DATA EXTRACT:
━━━━━━━━━━
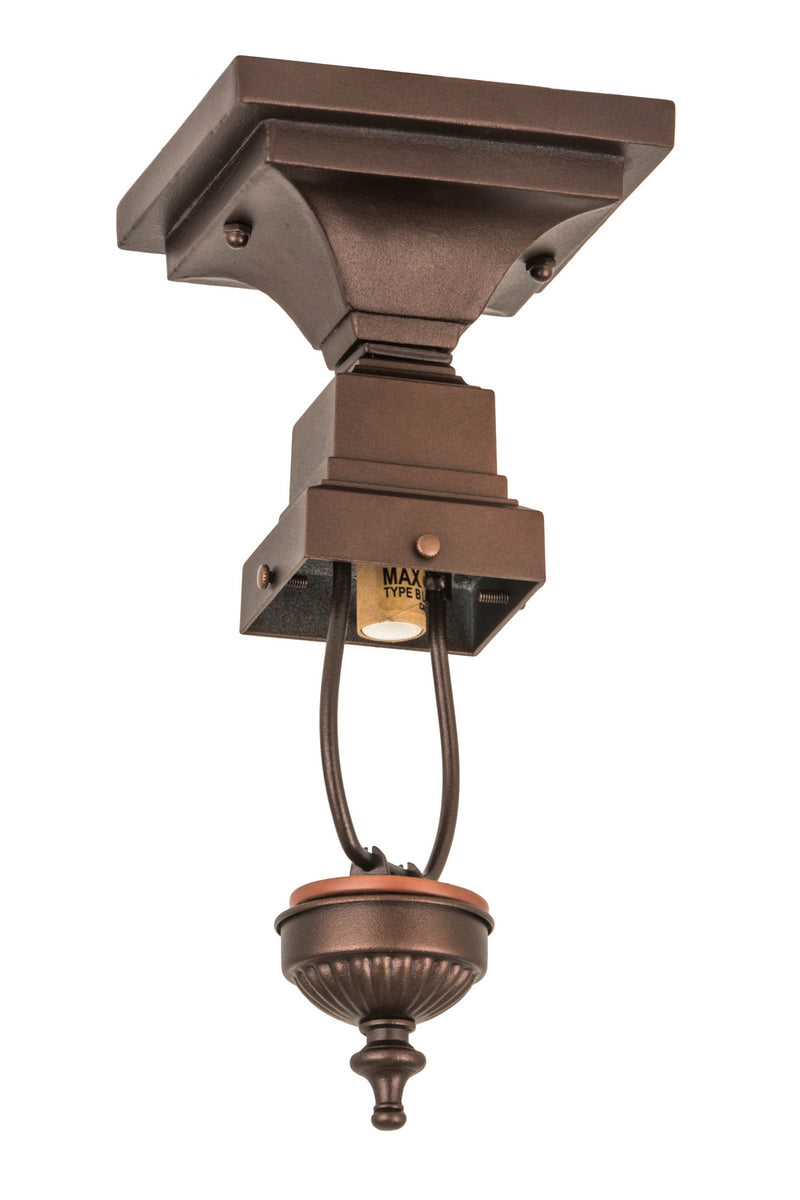 Meyda Tiffany 185584 One Light Flushmount Hardware, Mahogany Bronze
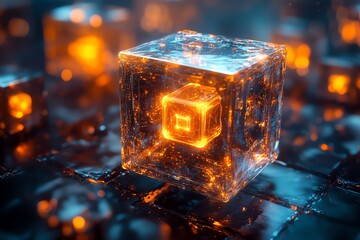 Aufkleber - Glowing orange cube inside a transparent cube on a dark surface.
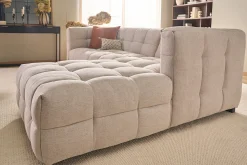 Canapé d'angle droit design 3 places en tissu effet velours texturé beige CORTO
━━━━━━━━━━
YOUR INSTRUCTIONS:
Write the lines above out again exactly, without any of their pictures.

THE COMPLETED TASK:
 Meyda Tiffany 185584 One Light Flushmount Hardware, Mahogany Bronze
 Aufkleber - Glowing orange cube inside a transparent cube on a dark surface.
 Canapé d'angle droit design 3 places en tissu effet velours texturé beige CORTO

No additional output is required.